The image on the far-right actually shows a massive uvula that is resting on the epiglottis of the larynx (voice box). Not surprisingly, that patient was distressed by a constant, unpleasant feeling of something in his throat with additional symptoms of “throat tickle,” chronic throat-clearing, and cough. On a strict reflux detox program, his uvula shrunk back to normal size in four weeks!
Does a Big Uvula Cause Snoring and Sleep Apnea?
Often an enlarged uvula is associated with a narrow (reflux-caused) throat, which may be associated with snoring and sleep apnea; also see Previous Snoring Sleep Apnea Blog.
These three photos show the upper throat; the left photo of the nasopharynx is normal. The middle photo shows intense reflux in the upper throat in a patient with post-nasal drip and sinus symptoms, as well as sleep apnea. The far right image shows severe, long-standing LPR in a patient with severe snoring and sleep apnea.
These images are shown to emphasize the point that some ENT doctors overlook those findings or think them to be “normal.” It is important to note that the findings of LPR are not taught in most physicians’ curricula.
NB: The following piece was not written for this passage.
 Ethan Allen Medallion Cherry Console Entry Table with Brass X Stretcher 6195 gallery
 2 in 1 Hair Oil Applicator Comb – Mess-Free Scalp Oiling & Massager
Which Doctor Can Best Diagnose My LPR?
Still, the answer is the otolaryngologist (ear, nose, and throat doctor) even though ENT doctors seem to fall into two camps: one group thinks everyone has reflux while the other thinks that no one has it. Why is this? I believe that reflux findings are so common that they may be mistaken for “normal.”
These photos were again taken by the author using an ultra-thin instrument (endoscope) placed through the nose to look down the barrel of the throat. The image on the left shows a normal larynx; note the sharpness of the vocal cords, the “V-shaped” structures in the middle. The two other images show LPR in which the vocal cords are very swollen like sausages. Also, in the middle image the back of the larynx (at the top of the photo) is obviously swollen as well. And the image on the far- right shows that the back of the larynx is so swollen that it is actually in contact with the posterior pharyngeal wall, (the back of the throat).
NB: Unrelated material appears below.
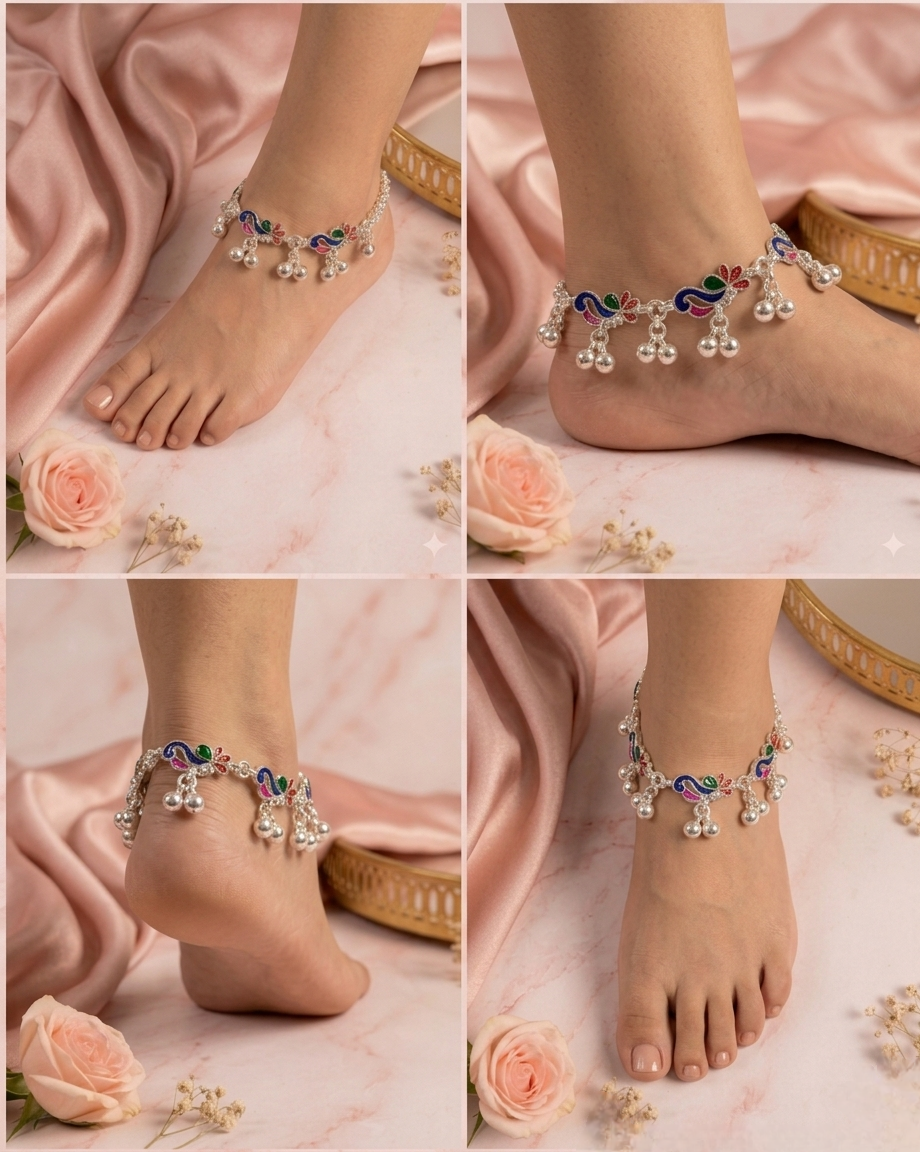 Elegant Silver Charm — Silver Plated Payal.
Notably, the far-right image is taken from a patient with long-standing nighttime reflux, and symptoms of globus, chronic throat-clearing, dysphagia (difficulty swallowing), and hoarseness as well as snoring and sleep apnea. This is severe LPR.
In part, I have included images in this post so that you can print them to show your ENT doctor … with the question, “Do I look like this?”
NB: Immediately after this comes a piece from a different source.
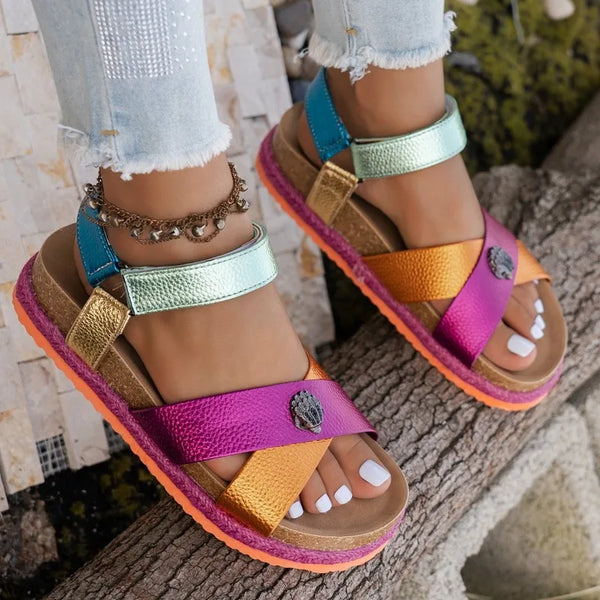 Summer Women Sandals 2026 Fashionable Color Ankle Strap Round Toe Thick Soled Female Shoes New Trendy Casual Comfort Sandals - funny happy kids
What Can I Do About My Enlarged Uvula?
Adopt a strict antireflux program for four weeks: (1) no eating within five hours of bedtime (lying down); (2) sleep up at a 45-degree angle; (3) low-fat, low-acid diet; (4) famotidine 20 mg. before breakfast and dinner, and 40 mg. before bed; (5) a swallow of Gaviscon Advance Aniseed after dinner and before bed; (6) gum chewing after eating; and (7) alkaline water.
Who Should Have the UPPP Operation?
In my opinion, very few people need surgery … assuming that the patient takes their anti-reflux program seriously. Again, I think UPPP (uvulopalatopharyngoplasty) is not indicated for people with just an enlarged uvula. For those with snoring, with or without sleep apnea, an antireflux trial program is indicated for three months before making the decision to have surgery.